/ai-image-classifier

Classifies if an image was generated by an AI or not using convolutions.

Classifying Real Vs. Modified Vs. AI-Generated Images

The primary place to use this codebase is going to be in optim_visualizer.ipynb

Setup for an Initial Run

Cell 1: Imports. Run this to install all of the dependencies. If you are missing something when you try to run that cell, either navigate to the directory this is in and pip install [library] or you can do it directly in the notebook with !pip install [library]

Cell 2: Our actual dataloader. Change the test_path and train_path to change which dataset you want to train on. You can also change the transforms applied fairly easily.

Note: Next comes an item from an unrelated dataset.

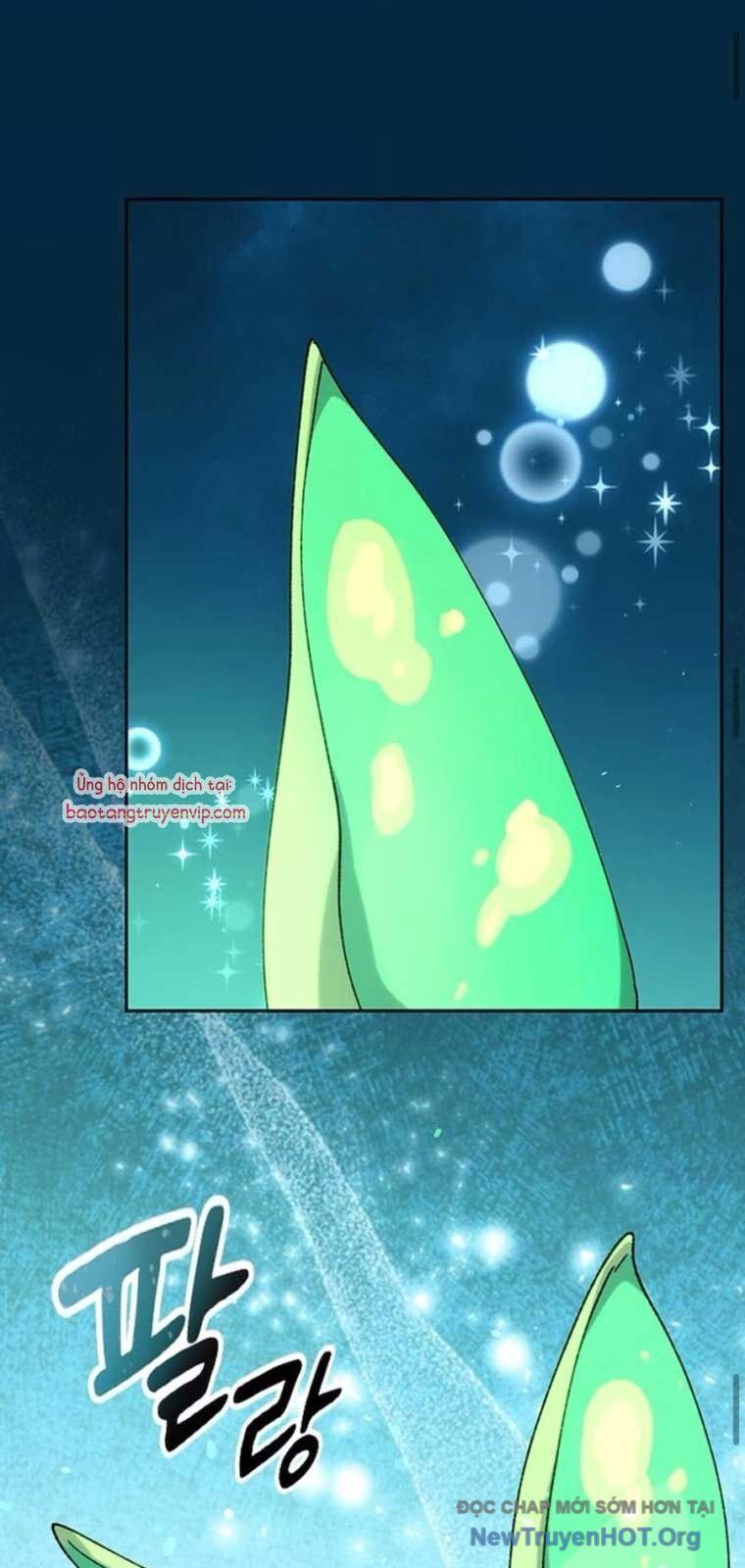 Chữa Lành Cuộc Sống Thông Qua Cắm Trại Ở Thế Giới Khác Chap 59 - Next Chap 60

Cell 3: Trains the model. You can change the parameters by changing which model you import, the learning rate and the number of iterations. Loss function is Binary Cross Entropy Loss.

Cell 4: Uncomment this for the only convolutional layer model architecture. It is not very good and very slow to train.

Cell 5: The evaluation of the model. Pretty standard.

Cell 6: Loads data to try the model on images so we can get cool images.

Cell 7: Tests the data loaded in cell 6. The first commented index predicts fake, but is actually real. The second predicts real, but is actually fake. The random generator can be used to just try random images in the test set.

Cell 8: Loads random images so you can view them later

Cell 9: Displays the images in a 2 x 2 grid for user viewing. Good for making some visualizations of the dataset.

Models

Model 2 came about first but performs better so we gave it the higher number in the naming scheme.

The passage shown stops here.